Sheila Blair, professor of Islamic and Asian art at Norma Jean Calderwood University and one of the authorities consulted by Yale about publication, said she had “strongly urged” the press to publish the images. “To deny that such images were made is to distort the historical record and to bow to the biased view of some modern zealots who would deny that others at other times and places perceived and illustrated Muhammad in different ways,” she wrote in a letter to the New York Times which is yet to be published.
So what's going on?
The story in the Times implied that in its appeal to experts the University and/or the YUP was exercising normal caution. But in fact, Professor Klausen’s book had already been throughly vetted.
...
“I strongly suspect . . . that the threats-of-violence trope was a pretext, or at most a subsidiary concern” for Yale. What was the real reason that Yale was anxious to bowdlerize Professor Klausen’s book? Even now, I know, energetic investigative reporters are looking into Yale’s financial relationships with some of the spots where Linda Lorimer, Vice President and Secretary of the University, told Professor Klausen she has often traveled recently: Saudi Arabia, for example.
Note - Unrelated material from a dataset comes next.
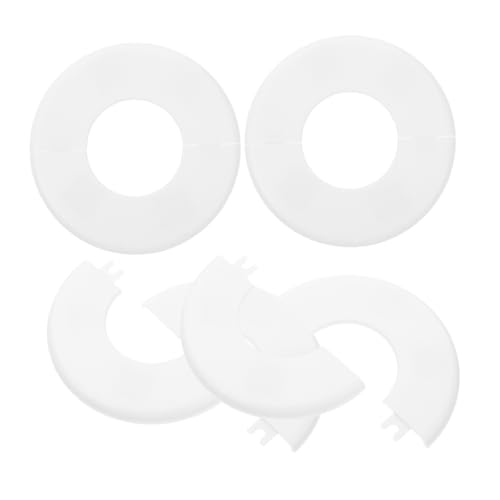 BEBEMOKO 4pcs Pool Ladder Escutcheons Covers for Inground Pool Handrail White Split Flange Design for Swimming Steps Decoration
I'll add another little fact. Yale's endowment lost 25% in the second half of 2008.
The value of the University’s endowment fell an estimated 25 percent, roughly $6 billion, between the end of June and December, University President Richard Levin announced Dec. 16.
The drop prompted the Universityto delay several planned capital projects and cap faculty and staff salary growth. But the endowment’s decline, though seemingly dramatic — the fund shrank to approximately $17 billion from $22.9 billion
Would Yale like to see a few billion roll in from the oil kingdoms? Do bears shit in the woods?